Por essa altura, eram frequentes as jornadas “de convívio” nos velhos moinhos do Guadiana. “Íamos com muita frequência para os moinhos, em petiscos e paródia… cheguei a estar lá durante três dias. Íamos para os moinhos novos, os de Monte Juntos, para o da Cinza e o do Lagarto, todos eles submersos pelo Alqueva. Perdeu-se essa tradição”. Mas a pesca manteve-se, ainda que Manuel Pisco tenha notado diferenças
“Dantes”, refere, “o barbo enfrentava a fúria das correntes do rio, agora não se movimenta e, por isso, está mais gordo. Já apanhei um com uma dúzia de quilos e isso não é conversa de pescador”. O do almoço, no dia da entrevista, teria à volta de cinco quilos, mais que suficiente para uma boa caldeta, prato que o pescador e poeta também sabe cozinhar.

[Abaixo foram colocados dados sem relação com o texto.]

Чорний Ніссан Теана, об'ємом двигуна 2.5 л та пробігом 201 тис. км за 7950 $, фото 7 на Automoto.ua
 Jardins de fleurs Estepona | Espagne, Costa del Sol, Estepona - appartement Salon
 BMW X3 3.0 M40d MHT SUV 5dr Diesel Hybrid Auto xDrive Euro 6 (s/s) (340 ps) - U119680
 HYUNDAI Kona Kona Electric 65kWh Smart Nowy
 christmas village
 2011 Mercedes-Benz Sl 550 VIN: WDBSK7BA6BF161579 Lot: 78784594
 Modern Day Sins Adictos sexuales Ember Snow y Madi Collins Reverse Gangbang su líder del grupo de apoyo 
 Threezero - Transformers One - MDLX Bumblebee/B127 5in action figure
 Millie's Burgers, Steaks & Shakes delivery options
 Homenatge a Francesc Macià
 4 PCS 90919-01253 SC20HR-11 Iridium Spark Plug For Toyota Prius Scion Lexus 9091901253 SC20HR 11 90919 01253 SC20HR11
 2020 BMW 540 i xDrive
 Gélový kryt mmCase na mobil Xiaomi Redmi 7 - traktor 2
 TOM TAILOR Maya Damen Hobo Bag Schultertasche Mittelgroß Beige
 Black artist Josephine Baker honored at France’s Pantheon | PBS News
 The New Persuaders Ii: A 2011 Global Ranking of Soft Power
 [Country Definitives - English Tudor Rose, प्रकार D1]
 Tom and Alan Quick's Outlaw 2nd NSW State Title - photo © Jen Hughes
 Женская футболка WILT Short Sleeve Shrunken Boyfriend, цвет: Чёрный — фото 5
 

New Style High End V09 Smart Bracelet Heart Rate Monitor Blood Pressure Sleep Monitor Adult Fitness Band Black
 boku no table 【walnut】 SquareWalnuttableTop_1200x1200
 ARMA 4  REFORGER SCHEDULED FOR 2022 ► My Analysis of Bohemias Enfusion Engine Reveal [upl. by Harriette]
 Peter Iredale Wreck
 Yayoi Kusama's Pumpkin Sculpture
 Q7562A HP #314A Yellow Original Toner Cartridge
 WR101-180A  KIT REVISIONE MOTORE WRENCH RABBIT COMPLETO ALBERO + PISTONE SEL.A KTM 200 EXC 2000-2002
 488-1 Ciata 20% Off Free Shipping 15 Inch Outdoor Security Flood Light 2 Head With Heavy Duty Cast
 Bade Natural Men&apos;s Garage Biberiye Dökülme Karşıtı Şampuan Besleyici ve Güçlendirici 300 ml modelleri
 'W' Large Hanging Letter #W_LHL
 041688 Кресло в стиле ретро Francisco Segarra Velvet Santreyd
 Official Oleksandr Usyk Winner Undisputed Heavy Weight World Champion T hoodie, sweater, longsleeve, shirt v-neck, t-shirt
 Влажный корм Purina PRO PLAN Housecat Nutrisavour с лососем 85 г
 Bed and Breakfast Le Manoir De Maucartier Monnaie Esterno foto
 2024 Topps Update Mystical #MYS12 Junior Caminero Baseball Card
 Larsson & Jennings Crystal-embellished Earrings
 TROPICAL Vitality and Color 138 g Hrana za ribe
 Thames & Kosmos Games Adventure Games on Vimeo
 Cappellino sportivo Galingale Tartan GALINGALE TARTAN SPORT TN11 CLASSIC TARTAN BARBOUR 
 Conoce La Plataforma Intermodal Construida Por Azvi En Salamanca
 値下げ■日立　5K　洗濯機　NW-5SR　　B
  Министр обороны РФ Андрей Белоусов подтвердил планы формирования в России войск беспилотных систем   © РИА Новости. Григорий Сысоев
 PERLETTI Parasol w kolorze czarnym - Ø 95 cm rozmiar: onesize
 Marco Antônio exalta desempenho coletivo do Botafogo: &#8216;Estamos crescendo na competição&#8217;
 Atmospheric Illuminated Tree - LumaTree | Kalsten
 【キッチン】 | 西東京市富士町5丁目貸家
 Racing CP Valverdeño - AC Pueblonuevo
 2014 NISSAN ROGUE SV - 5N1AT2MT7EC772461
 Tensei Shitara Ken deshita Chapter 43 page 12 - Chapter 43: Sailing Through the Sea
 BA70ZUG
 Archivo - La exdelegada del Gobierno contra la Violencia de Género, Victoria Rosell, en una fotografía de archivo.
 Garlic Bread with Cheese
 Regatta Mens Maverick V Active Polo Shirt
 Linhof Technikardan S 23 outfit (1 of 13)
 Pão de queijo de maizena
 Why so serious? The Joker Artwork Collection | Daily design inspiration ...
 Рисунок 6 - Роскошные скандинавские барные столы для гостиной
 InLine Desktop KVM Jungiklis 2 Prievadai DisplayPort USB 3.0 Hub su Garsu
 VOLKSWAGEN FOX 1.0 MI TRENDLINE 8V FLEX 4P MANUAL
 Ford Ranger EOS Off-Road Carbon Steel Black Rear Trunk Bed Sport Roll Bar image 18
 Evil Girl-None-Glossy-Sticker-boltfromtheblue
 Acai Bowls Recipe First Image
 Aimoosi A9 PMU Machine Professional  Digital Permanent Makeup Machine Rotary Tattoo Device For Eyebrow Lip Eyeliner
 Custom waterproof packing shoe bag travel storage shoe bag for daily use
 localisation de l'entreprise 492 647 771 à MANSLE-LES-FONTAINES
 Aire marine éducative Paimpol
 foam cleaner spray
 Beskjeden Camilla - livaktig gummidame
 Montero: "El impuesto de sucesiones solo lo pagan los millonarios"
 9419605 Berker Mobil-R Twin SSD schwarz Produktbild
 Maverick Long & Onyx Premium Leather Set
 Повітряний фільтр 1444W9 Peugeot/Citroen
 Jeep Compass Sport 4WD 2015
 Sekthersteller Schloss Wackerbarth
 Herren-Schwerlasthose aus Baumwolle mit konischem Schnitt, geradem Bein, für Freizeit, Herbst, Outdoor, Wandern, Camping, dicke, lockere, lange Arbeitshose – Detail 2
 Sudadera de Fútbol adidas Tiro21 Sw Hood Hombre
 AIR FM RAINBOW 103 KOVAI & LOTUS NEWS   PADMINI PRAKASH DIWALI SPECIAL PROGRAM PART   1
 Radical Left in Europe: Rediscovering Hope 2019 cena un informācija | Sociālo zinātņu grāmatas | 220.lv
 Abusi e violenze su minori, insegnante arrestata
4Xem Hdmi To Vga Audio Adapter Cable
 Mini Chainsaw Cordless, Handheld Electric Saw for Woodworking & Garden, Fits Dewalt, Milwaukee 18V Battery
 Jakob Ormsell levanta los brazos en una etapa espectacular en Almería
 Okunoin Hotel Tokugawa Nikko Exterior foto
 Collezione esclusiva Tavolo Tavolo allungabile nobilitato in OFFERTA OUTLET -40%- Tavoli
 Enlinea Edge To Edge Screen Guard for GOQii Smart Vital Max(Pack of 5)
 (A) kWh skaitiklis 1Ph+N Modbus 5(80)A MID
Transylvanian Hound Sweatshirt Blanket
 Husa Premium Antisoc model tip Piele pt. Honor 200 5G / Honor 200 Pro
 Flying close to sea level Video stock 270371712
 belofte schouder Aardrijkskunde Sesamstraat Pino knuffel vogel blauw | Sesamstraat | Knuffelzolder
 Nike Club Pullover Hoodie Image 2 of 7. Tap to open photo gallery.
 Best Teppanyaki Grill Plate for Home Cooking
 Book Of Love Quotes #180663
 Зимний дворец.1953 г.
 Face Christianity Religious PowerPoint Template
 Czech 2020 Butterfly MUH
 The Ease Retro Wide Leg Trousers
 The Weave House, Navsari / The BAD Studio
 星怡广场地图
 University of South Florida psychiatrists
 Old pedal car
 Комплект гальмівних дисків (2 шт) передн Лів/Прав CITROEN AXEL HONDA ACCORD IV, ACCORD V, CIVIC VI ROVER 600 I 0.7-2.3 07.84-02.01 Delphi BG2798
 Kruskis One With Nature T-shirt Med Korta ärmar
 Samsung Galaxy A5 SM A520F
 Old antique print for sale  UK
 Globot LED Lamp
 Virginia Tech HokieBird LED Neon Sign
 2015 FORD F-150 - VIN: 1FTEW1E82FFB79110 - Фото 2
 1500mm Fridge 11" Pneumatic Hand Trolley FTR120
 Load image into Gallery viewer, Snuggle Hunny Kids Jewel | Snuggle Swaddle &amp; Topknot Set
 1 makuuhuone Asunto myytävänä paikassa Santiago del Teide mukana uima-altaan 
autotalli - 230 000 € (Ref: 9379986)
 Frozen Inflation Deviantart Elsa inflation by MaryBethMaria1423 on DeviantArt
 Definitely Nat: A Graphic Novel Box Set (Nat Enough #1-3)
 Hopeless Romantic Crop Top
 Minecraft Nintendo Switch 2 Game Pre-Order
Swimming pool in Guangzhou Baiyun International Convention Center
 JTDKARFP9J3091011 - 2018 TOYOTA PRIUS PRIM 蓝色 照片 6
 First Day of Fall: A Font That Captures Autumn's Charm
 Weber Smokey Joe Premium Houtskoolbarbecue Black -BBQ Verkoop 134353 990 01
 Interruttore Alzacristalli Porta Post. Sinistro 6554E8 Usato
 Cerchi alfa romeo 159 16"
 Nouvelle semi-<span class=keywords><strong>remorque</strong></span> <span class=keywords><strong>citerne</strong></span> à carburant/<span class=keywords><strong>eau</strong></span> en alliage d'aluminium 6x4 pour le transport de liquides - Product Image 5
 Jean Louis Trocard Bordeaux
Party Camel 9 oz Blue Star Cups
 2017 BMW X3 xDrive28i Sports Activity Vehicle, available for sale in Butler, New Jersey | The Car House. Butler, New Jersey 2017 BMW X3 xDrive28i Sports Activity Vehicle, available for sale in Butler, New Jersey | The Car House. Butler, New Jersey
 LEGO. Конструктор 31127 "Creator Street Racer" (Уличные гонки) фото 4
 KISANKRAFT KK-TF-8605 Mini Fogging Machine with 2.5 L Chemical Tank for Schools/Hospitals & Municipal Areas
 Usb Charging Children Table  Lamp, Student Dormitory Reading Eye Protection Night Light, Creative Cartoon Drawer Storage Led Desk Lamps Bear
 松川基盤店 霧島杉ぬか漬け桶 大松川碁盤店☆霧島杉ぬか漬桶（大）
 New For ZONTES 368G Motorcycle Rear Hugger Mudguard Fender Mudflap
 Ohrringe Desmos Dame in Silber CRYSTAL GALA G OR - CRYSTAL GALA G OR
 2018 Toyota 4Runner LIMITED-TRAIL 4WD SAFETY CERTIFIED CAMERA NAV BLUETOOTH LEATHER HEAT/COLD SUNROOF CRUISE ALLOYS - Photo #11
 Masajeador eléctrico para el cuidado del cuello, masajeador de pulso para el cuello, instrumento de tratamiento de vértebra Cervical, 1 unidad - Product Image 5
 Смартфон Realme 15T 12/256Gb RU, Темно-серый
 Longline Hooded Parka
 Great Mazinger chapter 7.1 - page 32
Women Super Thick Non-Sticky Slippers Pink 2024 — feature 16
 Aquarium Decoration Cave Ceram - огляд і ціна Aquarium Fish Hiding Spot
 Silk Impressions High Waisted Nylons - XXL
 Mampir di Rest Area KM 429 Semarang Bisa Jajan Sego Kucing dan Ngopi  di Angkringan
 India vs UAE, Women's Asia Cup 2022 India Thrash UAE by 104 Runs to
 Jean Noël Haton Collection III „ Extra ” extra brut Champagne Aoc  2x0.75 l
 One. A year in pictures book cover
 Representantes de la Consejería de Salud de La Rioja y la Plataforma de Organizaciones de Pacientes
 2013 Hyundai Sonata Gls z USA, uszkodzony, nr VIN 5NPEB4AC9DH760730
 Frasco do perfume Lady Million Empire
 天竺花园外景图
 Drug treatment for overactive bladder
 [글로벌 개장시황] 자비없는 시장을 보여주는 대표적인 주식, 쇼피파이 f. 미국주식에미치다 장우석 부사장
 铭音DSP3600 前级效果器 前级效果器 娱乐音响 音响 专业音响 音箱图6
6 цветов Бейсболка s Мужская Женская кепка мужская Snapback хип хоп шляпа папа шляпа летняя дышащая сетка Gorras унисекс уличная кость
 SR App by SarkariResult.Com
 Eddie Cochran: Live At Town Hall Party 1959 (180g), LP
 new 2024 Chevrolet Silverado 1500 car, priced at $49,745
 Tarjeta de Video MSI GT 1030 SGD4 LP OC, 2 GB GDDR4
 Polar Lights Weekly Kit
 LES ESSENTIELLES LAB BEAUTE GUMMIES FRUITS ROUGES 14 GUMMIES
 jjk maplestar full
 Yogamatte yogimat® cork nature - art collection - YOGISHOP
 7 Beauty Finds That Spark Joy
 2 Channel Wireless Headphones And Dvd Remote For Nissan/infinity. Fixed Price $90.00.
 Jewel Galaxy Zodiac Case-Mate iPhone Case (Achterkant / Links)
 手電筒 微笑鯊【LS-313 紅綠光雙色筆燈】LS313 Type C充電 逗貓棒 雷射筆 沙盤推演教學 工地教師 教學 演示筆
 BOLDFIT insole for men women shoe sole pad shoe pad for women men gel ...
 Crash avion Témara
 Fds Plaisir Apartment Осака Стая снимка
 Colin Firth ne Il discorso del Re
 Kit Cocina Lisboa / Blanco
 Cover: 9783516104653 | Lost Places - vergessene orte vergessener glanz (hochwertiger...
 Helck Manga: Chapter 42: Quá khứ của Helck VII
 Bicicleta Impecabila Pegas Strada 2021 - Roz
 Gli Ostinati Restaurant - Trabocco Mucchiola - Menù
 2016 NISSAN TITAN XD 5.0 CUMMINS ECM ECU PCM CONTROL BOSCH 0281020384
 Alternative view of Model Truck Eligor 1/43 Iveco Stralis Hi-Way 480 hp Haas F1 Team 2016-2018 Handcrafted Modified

Fica então a receita: “frita-se o toucinho e um bocado de chouriço, num refogado para lhe dar alguma gordura, depois mete-se poejo, tomate, pimento, louro, vinagre e vinho branco, para fazer o tempero e, de seguida, coze-se o peixe”. Falta migar as sopas para o prato chegar à mesa. Acompanhado por um tinto da região e umas décimas, ainda que algumas possam não ser de fácil digestão. “Marília vou-te avisar/ Escuta e toma atenção/ Nunca chegas a matar nada/ Tanto no ar como no chão”, disse Manuel Pisco. Marília, a sua sobrinha, não levou a mal.
AÇORDA DE ALHO E SOPAS DE FEIJÃO
Concluída a 4.ª classe, aos 11 anos, começou a guardar ovelhas numa herdade de um dos grandes proprietários da terra, Bulhão Martins. “Fui logo guardar gado. E lembro-me de ir da choça [construção rústica], feita em buinho, onde a gente dormia, até ao monte buscar o almoço e o jantar”. Para jantar, o mais certo seria uma açorda de alho com azeitonas e um bocado de queijo. Ao almoço contava com sopas de feijão ou de carne. “Matava-se o porco, matava-se um borrego e era o que de comer havia, quando havia carne”.